- [DATA SECTION]
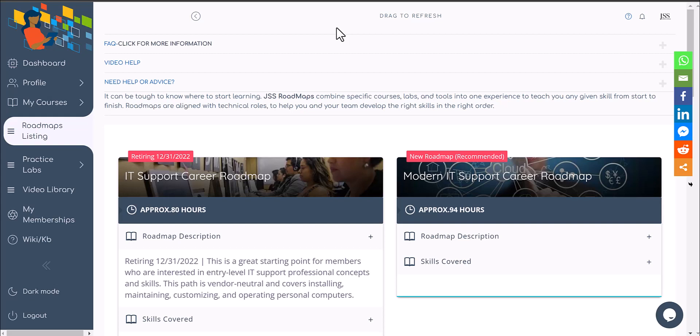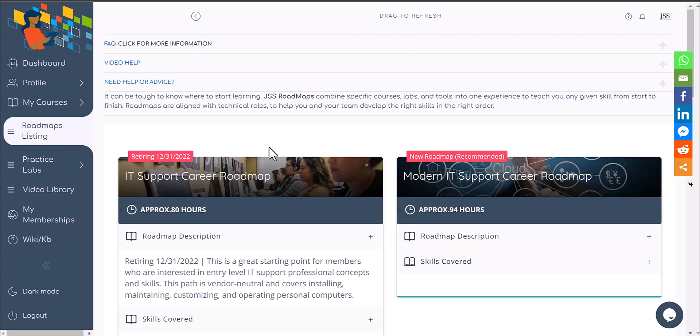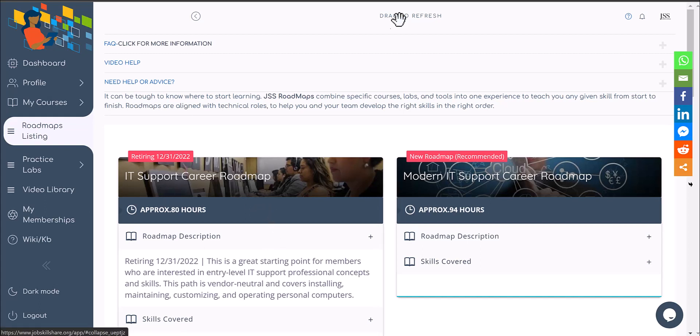Hello and welcome to jobskillshare.org. This is a quick update video for our members who are taking the IT support roadmap or the free IT roadmap. We would like you to transition your learning to the Modern IT Support Career Roadmap. The reason for that is on 12/31/2022 this roadmap will expire.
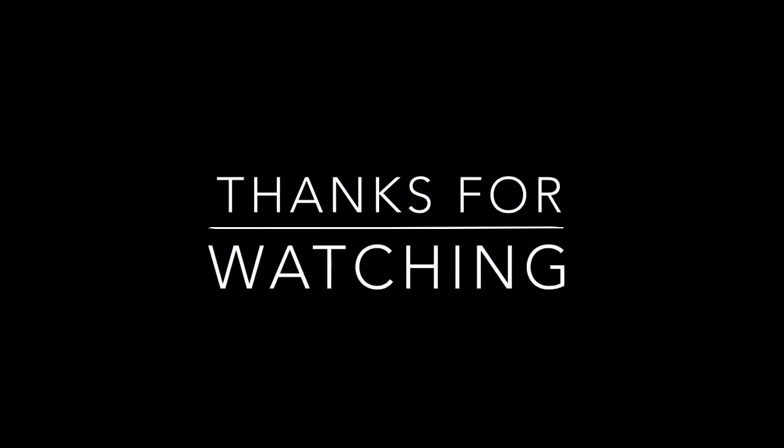We have finally come to the end of our list of the Top 10 Retired Steam Excursion Stars. Thanks for watching, and we'll see you next time.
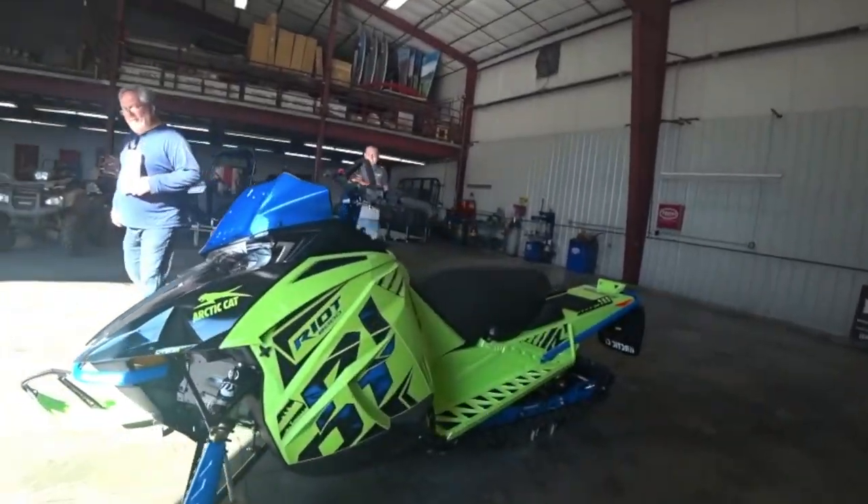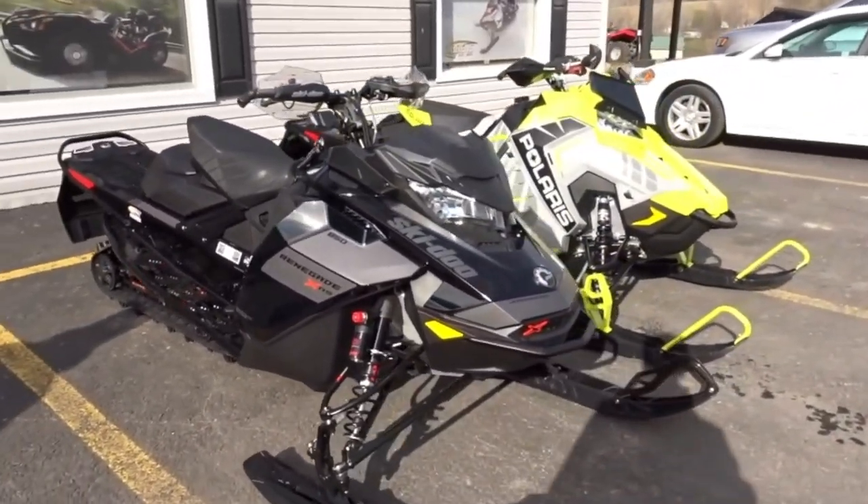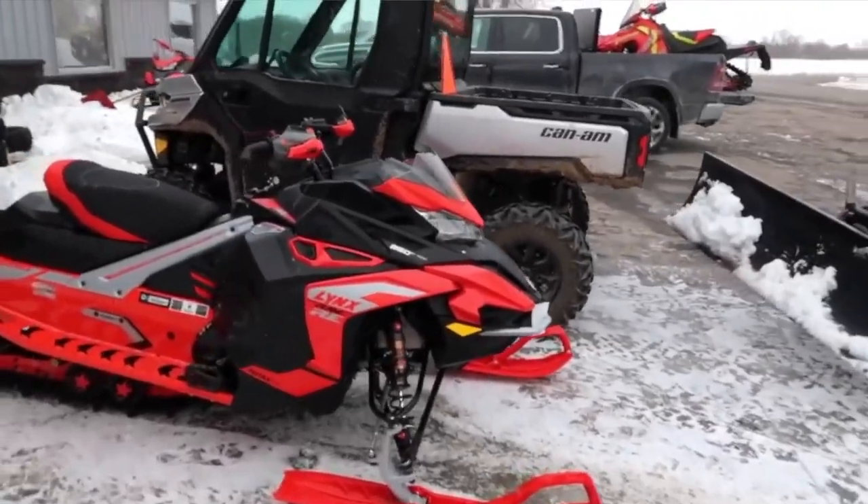I've bought seven sleds in the seven years I've been making YouTube videos, ordered six of them, and only two have ever come in before December — that sucks. My 2017 Assault and 2020 Riot were the only two early ones. Everything else has been December 15th or later: my 2019 Assault 850 came in December 30th, my 2021 Renegade XRS came in around December 12th or 13th but I didn't pick it up till the 17th, my Lynx Rave RE didn't come in till mid-January, and now my Polaris Assault Boost is looking like maybe February.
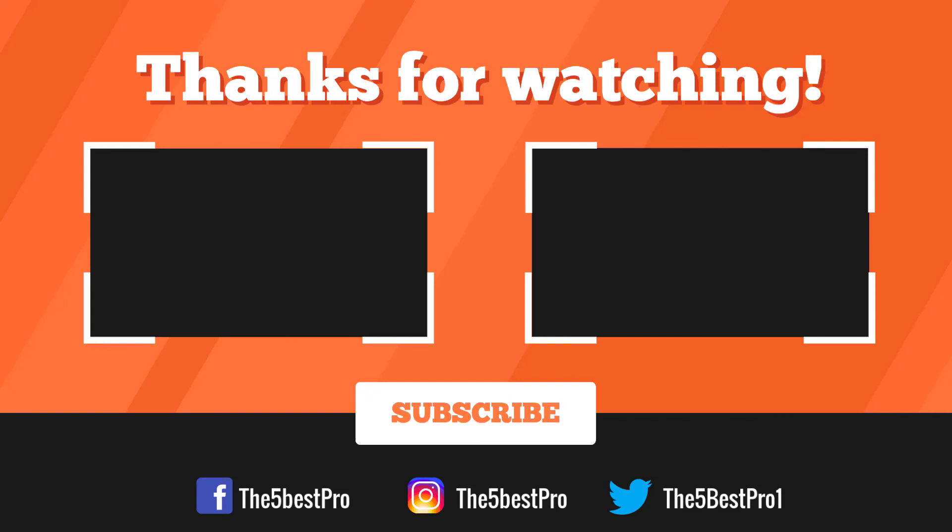If you have any questions related to these products you can leave a comment below and I'll get back to you as soon as I can.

- [YOUR ASSIGNMENT]
Set the lines above down again, word for word, from the first through the one containing "We have finally"; pictures excluded.

- [TASK RESULT]
Hello and welcome to jobskillshare.org. This is a quick update video for our members who are taking the IT support roadmap or the free IT roadmap. We would like you to transition your learning to the Modern IT Support Career Roadmap. The reason for that is on 12/31/2022 this roadmap will expire.
We have finally come to the end of our list of the Top 10 Retired Steam Excursion Stars. Thanks for watching, and we'll see you next time.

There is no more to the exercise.